--- TASK PROMPT ---
Beginning with the first line of the data below, set down each line exactly through the line that contains "Bassin de chaîne".

**** DATA SECTION

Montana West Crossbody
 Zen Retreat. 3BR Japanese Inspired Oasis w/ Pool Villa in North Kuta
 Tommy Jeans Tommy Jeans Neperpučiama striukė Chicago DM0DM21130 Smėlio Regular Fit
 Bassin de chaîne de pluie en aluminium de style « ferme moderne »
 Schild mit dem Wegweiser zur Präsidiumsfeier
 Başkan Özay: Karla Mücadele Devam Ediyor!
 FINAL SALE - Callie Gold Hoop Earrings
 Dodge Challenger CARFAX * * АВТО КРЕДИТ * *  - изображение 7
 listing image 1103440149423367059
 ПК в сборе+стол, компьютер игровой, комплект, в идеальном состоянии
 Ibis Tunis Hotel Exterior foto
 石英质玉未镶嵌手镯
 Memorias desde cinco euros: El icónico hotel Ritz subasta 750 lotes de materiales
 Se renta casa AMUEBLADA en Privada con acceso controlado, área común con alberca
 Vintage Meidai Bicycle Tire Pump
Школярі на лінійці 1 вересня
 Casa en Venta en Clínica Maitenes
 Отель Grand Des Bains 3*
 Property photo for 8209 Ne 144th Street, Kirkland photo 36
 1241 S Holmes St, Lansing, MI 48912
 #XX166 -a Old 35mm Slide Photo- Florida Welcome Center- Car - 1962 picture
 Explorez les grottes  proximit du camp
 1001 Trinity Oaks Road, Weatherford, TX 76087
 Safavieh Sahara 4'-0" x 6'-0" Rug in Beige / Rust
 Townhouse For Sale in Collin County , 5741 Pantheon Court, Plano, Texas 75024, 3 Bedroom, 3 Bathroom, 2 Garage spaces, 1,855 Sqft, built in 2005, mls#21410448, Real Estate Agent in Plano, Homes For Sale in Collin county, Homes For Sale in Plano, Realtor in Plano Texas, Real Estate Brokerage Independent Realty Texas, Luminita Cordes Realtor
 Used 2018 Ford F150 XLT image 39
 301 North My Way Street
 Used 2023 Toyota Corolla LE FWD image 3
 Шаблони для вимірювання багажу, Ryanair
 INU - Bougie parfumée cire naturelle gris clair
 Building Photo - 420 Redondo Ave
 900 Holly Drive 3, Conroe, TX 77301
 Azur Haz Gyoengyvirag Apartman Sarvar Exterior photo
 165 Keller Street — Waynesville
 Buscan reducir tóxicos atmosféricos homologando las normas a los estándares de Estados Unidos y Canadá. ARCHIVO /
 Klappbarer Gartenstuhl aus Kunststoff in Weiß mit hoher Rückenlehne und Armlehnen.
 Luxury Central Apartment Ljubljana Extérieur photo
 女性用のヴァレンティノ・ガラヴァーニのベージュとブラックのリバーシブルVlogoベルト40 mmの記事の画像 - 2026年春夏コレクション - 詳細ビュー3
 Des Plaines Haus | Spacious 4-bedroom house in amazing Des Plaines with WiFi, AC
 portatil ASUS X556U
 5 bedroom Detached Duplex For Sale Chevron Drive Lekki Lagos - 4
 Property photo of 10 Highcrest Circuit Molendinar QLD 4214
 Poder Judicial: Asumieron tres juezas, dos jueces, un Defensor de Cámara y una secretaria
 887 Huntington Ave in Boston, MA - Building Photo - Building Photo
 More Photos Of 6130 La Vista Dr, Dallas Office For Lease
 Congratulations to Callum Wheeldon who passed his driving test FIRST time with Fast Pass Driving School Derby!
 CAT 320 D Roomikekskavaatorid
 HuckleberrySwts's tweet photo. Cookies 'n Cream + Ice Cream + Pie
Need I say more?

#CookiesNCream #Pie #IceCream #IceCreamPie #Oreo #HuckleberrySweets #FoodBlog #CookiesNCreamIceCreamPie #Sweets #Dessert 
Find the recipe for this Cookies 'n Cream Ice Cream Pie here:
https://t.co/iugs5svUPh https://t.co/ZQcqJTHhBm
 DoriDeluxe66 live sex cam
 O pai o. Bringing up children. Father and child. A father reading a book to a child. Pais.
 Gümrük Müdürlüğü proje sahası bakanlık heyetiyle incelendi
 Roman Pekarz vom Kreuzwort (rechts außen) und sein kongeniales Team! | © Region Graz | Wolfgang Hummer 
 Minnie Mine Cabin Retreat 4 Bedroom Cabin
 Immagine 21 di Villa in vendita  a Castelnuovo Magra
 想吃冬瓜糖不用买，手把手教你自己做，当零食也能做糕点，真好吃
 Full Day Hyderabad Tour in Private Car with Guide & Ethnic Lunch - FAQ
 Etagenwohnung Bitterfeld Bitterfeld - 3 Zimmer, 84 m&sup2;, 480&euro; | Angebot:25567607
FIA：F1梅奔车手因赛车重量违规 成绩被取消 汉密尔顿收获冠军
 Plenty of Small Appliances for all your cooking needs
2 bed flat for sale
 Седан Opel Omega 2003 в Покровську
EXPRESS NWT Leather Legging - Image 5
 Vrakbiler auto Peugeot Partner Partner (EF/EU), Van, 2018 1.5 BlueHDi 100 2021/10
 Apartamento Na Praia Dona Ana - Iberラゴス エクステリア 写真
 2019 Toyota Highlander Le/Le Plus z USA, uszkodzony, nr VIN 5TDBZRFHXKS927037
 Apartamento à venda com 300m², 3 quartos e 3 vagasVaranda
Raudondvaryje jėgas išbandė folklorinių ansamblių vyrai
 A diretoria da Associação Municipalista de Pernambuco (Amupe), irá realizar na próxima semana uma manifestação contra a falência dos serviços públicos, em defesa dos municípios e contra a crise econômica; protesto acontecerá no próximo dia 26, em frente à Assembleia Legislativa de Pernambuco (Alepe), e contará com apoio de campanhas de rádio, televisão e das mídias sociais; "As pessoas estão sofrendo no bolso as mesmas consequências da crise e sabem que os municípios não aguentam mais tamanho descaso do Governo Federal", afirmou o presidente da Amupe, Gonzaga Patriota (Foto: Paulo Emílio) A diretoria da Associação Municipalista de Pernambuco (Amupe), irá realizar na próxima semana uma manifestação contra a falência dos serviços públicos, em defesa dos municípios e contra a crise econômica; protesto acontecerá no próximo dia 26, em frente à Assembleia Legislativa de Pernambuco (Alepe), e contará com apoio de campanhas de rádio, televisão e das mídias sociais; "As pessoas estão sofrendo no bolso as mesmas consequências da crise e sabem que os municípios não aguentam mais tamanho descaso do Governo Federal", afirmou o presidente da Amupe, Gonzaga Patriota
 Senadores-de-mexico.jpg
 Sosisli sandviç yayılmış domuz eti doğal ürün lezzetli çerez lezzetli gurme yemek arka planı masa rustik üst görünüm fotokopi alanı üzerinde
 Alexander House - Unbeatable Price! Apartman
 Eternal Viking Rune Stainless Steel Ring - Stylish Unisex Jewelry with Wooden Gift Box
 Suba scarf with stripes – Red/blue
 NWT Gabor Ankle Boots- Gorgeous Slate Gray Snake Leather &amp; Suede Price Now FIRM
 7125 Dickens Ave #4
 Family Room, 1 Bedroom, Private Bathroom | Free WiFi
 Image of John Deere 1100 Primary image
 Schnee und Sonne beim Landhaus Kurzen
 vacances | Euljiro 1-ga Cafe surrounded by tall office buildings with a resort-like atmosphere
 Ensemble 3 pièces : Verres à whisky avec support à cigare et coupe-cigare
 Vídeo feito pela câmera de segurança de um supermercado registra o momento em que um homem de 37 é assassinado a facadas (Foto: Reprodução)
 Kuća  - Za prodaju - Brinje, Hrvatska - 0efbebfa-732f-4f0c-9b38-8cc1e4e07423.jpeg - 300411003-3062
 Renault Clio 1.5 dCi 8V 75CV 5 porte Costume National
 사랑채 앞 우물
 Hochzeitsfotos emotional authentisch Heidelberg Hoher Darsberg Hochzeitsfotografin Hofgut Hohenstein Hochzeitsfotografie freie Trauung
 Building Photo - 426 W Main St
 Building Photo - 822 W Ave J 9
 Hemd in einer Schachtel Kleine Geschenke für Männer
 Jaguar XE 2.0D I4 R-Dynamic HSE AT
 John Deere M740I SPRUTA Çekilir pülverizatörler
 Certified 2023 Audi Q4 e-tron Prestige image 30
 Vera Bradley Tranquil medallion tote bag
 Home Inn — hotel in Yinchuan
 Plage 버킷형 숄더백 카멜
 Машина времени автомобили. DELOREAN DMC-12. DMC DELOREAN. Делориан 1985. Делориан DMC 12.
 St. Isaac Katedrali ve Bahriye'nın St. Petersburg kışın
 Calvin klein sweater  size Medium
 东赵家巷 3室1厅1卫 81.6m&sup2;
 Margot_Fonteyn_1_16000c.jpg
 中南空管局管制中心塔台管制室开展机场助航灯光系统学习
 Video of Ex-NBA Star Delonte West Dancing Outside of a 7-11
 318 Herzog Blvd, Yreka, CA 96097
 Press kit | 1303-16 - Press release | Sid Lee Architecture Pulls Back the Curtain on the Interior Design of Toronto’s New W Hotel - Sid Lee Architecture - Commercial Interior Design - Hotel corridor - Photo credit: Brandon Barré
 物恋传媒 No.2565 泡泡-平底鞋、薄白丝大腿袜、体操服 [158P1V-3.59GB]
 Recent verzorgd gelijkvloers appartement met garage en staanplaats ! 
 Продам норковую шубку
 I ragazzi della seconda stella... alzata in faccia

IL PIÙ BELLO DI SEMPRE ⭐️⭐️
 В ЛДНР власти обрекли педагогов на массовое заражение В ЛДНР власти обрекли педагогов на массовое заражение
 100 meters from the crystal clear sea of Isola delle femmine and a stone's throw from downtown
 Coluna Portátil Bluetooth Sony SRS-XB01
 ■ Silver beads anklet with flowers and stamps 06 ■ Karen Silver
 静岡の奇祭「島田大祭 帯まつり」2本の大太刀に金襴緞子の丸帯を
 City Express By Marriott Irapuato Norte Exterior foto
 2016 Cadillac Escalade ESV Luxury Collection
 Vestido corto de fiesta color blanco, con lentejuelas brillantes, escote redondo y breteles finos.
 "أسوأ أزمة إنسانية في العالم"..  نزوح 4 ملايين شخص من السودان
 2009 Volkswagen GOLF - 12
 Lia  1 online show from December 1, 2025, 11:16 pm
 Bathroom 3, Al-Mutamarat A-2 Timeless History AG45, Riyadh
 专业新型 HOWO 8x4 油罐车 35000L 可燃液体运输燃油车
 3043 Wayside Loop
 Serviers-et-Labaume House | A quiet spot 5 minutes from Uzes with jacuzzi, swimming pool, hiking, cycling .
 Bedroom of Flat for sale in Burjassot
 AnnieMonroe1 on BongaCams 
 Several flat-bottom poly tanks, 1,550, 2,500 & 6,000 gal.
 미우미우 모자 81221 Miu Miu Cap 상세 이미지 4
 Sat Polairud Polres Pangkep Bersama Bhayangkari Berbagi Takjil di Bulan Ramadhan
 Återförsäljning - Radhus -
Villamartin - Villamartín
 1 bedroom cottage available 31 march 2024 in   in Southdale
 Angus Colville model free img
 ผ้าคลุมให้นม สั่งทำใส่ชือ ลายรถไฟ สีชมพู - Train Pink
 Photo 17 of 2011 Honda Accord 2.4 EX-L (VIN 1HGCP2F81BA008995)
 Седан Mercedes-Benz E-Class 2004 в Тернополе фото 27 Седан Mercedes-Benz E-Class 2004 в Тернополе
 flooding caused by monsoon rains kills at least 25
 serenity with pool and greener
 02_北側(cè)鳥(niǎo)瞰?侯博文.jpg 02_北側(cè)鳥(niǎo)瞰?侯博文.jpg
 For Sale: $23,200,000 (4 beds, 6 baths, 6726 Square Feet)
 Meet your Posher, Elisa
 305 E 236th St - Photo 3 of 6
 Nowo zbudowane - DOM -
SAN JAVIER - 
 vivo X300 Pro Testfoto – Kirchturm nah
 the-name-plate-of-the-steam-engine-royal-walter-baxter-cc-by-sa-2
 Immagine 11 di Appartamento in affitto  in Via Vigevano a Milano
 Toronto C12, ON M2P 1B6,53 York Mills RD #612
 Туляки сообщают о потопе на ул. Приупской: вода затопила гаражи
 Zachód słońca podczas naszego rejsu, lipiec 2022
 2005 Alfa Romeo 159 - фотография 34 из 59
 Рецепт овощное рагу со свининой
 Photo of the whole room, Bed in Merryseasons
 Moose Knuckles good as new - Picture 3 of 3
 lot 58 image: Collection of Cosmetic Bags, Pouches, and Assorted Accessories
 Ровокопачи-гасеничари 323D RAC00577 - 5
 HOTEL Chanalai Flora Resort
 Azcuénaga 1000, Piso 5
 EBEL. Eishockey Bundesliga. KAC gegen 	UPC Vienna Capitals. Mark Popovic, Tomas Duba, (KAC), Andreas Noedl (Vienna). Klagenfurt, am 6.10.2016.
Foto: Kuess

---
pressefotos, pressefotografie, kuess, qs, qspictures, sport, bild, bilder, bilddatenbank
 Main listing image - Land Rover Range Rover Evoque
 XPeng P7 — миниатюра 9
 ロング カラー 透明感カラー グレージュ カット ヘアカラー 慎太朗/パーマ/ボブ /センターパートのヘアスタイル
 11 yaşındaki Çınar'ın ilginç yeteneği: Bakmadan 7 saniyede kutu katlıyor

********

--- ANSWER BELOW ---
Montana West Crossbody
 Zen Retreat. 3BR Japanese Inspired Oasis w/ Pool Villa in North Kuta
 Tommy Jeans Tommy Jeans Neperpučiama striukė Chicago DM0DM21130 Smėlio Regular Fit
 Bassin de chaîne de pluie en aluminium de style « ferme moderne »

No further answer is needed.